Posted January 03, 2025

Greg Guenthner

By Greg Guenthner

A Year Without Santa

We enjoyed a decent bounce to start 2025.

But I suspect traders are still reeling from a rougher-than-expected holiday trading season.

Yes, the averages have recovered some of their lost ground. Crypto firmed up following a holiday pullback. And some of the sluggish growth names are catching a big break into the weekend.

But the bulls look a little worn down as the Santa Claus rally runs out of time.

So, with almost two days of 2025 in the books, let’s recap the holiday action and figure out what the heck is going on in this manic market.

Santa Was a No-Show

The final trading days of 2024 failed to produce the melt-up rally we were all anticipating. Speculative growth stalled out, and many of the stronger snapbacks started to fail.

Despite Santa’s absence over the holiday break, he still has a few more hours to deliver the goods. Technically, the Santa Claus rally ends on the second trading day of the year – today!

Of course, the S&P 500 could rip more than three percent by this afternoon. But I wouldn’t count on it. Plus, the U.S. benchmark hasn’t posted a single-day gain of that magnitude in over two years.

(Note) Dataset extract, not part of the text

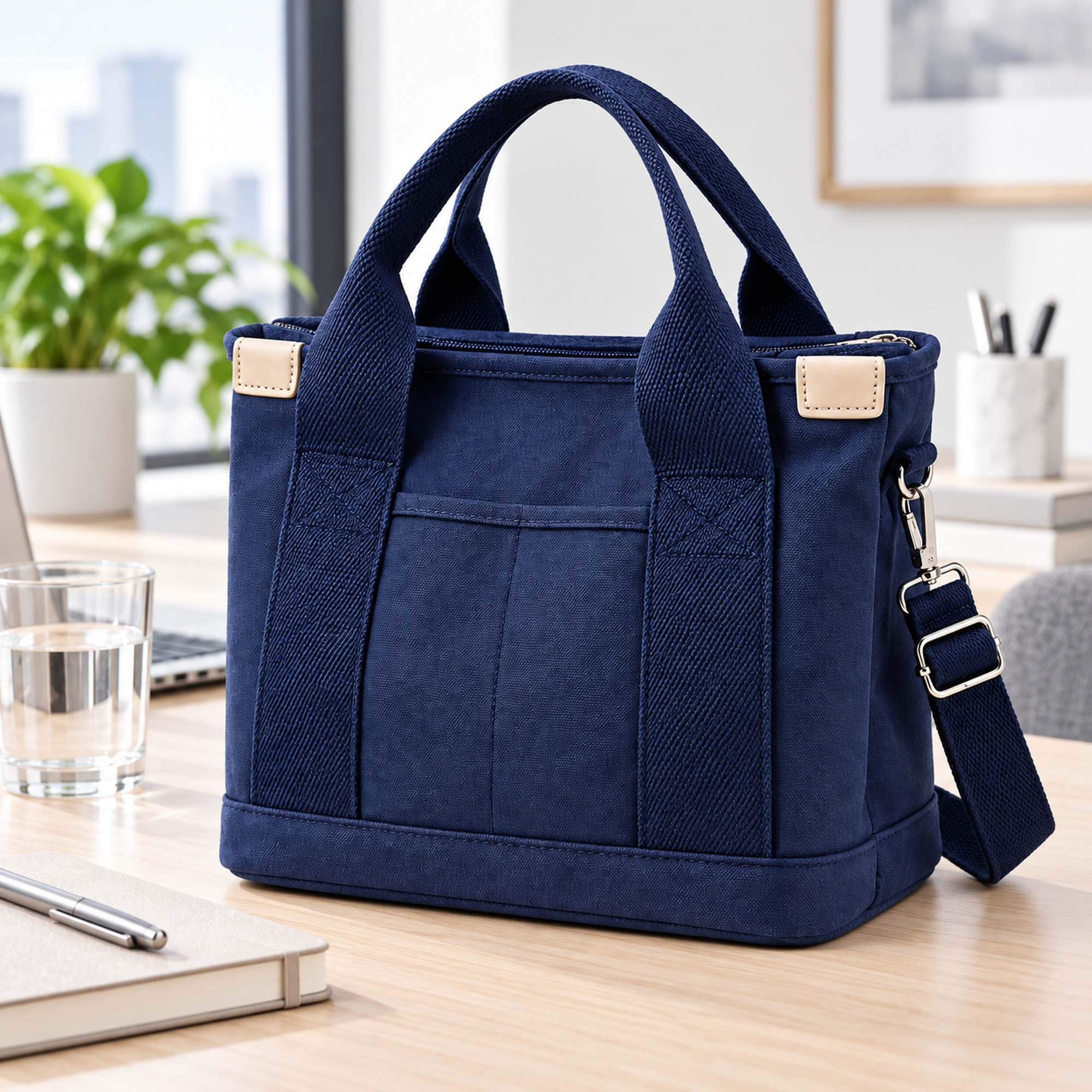 Custom Multi-Pocket Canvas Lunch Bag application view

Santa Claus rally or not, the bulls are on edge as the market hits some holiday turbulence. 

Interest rates rose at an alarming rate over the holidays. The U.S. Dollar just capped its weakest three-month period of the year with an unseasonably strong 7% gain. And market breadth stinks…

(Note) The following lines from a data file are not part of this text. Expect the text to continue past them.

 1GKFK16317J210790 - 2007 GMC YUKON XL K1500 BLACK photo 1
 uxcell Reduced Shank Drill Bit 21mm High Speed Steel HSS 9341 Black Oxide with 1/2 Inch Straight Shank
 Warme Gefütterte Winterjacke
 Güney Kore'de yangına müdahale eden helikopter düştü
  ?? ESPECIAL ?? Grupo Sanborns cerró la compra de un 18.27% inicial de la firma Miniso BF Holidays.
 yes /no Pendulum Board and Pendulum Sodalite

Bulls Don’t Feel Like Playing

When we discuss market breadth, all we’re talking about is participation. Are more or fewer stocks trending higher with the averages?

The more stocks participating in an uptrend, the healthier the bull market. Unfortunately, most stocks aren’t keeping up with the major indexes. In fact, the numbers have been downright shocking…

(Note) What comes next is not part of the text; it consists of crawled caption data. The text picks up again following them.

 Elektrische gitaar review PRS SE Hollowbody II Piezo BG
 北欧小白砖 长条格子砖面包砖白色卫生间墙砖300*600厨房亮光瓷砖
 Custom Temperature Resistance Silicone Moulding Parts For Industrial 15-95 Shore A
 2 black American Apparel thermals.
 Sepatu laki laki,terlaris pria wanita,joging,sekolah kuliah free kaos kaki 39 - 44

Here’s a fun stat from BofA: The percentage of stocks outperforming the S&P is at an all-time low. That’s right, never in the stock market's history have so many issues lagged their benchmark.

Here’s another breadth measure that caught our attention: A mere 20% of S&P 500 stocks are trading above their 50-day moving average…

We use a stock’s 50-day average to measure its intermediate trend.

Based on the chart, four out of five S&P 500 components are failing to keep pace with the bull market. That jibes with the BofA stat and the handful of failed breakouts in the market's small-cap, biotech, and speculative growth areas.

I doubt stock market bulls envisioned such a precarious start to the year. More individual names must kick into gear and head higher. If they don’t, watch out for the stock market averages to catch lower with most of the market.

What’s Next for the New Year?

The beginning of January is looking a tad bleak. But I don’t think Santa’s absence matters too much.

Don’t get me wrong, it’s valuable information. But it simply confirms what rising rates and deteriorating breadth have been hinting for months.

Plus, the stock market never even experienced a 10% pullback last year. So it’s no wonder the bulls are feeling tired.

Perhaps we’ll finally witness a proper bull market correction in the coming weeks and months. The timing is right as the market is heading toward one of the worst quarters during the four-year presidential cycle, according to Carson Research’s Ryan Detrick. The next three months could be 2025’s weakest.

For now, we’ll see if some of these bounces stick into the weekend. If we get a solid push and crypto looks constructive heading into Monday, we might enjoy a little pre-earnings season rally for a couple of weeks.